Bravo! An utterly arresting plant - the apotheosis of S. flava IMHO.
And how about S. flava 'Bob Hanrahan' in the same article! Having visited the CCs collection many times I can attest that it is a truly remarkable, gigantic pitcher plant and I am happy to hear they named it for Mr. Hanrahan, R.I.P. Thanks for posting KE!!
On another CP forum the question was asked with reference to S.'Waccamaw', "Why atropurpurea not rubricorpora?"
Here are the answers (two parts) I gave that I hope explains things, not least as to my position on the difference between the two varieties.
As the person who supplied the plant in the photos, I can add some information that may clarify and reinforce the things meizwang has said - particularly in reply to Alexis's query as to the plants correct varietal name. This is indeed a S.flava var. atropurpurea and a genuine Carolina one at that.
1) The plant in the photos is a asexual division of the plant below
2) The plant has been grown in New Zealand for over 30 years. It was imported initially by the Christchurch Botanic Gardens as a live specimen supplied from the USA. Subsequently, Christchurch Botanic Gardens ceased cultivating Sarracenia and their material, including this var. atropurpurea, was passed on to a private grower during the 1980s. After a short period that grower also wound up their Sarracenia cultivation and the atropurpurea was obtained by D. Gray in 1987. The clone has remained in the care of Gray and only two other people (one being me) and has been maintained as pure since it first arrived in the country all those years ago.

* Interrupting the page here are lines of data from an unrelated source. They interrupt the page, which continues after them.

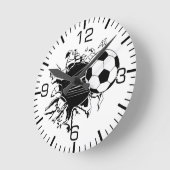 Voetbal uit ronde klok (Hoek)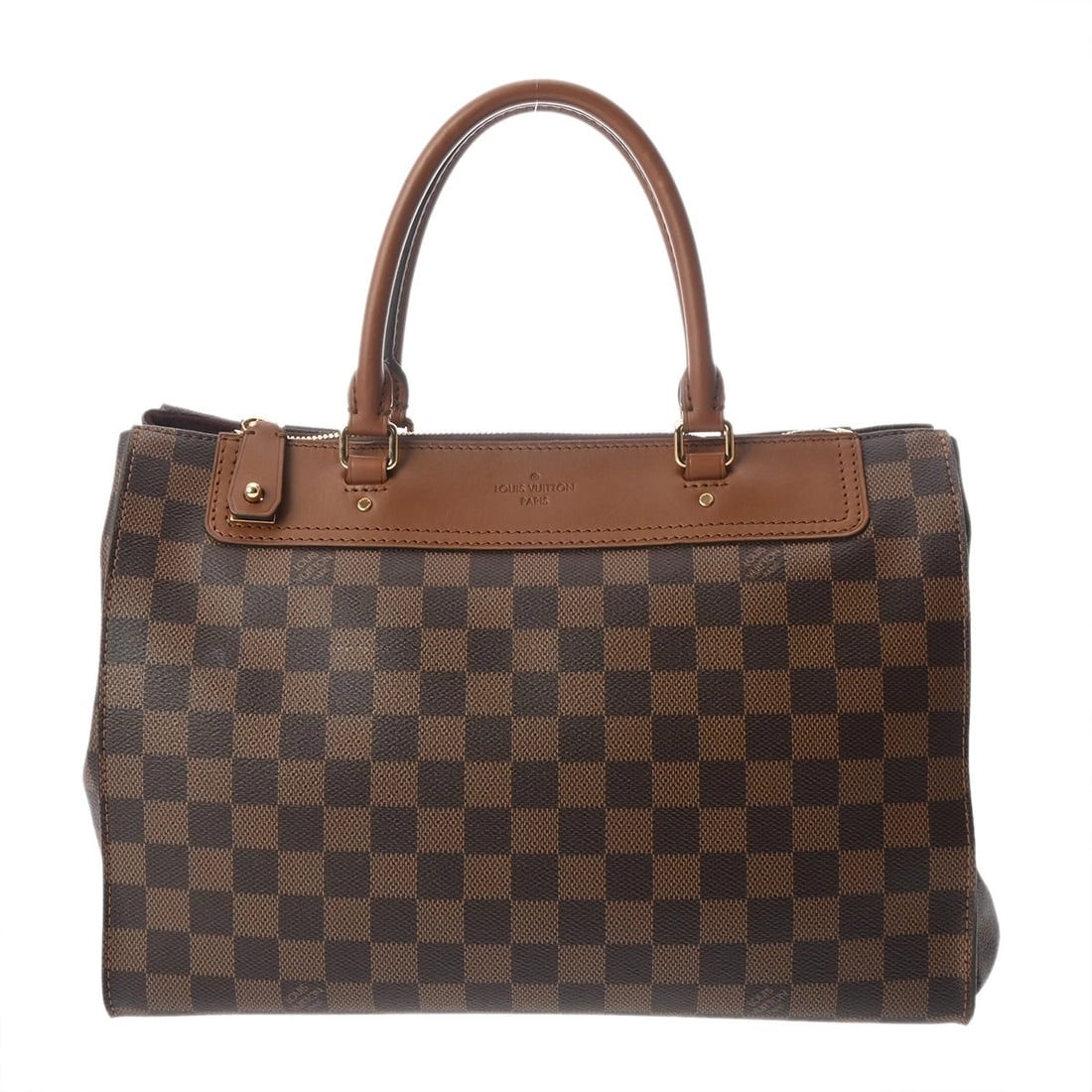 LOUIS VUITTON GREENWICH DAMIER CANVAS BROWN HANDBAG: LOUIS VUITTON Greenwich Damier canvas Brown Handbag Brand: LOUIS VUITTON Type/Style: Handbag Material: Damier canvas Color: Brown Size: H:about 9.1inch W:about 12.6inch D:about 6.3inch Accessories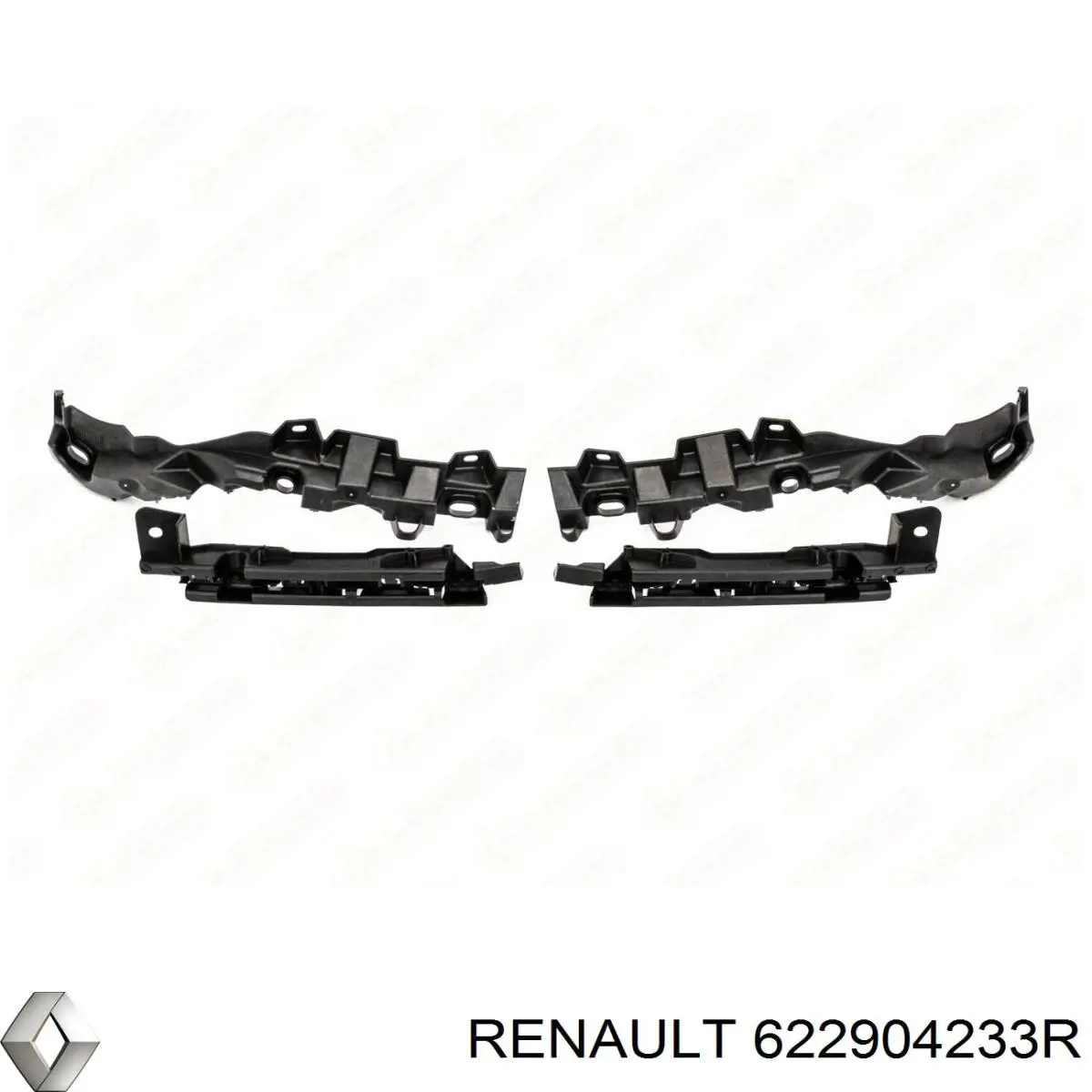 Комплект кронштейнів/кріплень переднього бампера Renault (RVI) 622904233R ціна, від 88.41 USD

3) As a feature of New Zealand's second largest city, Christchurch Botanic Gardens was founded in 1863 and throughout its history acquired many exotic species. While details are not able to be confirmed, it is known that the atropurpurea clone was imported from the USA with it almost certain to have been a specimen collected from the wild given both the status of the gardens and the the fact so many plants were collected that way during that period.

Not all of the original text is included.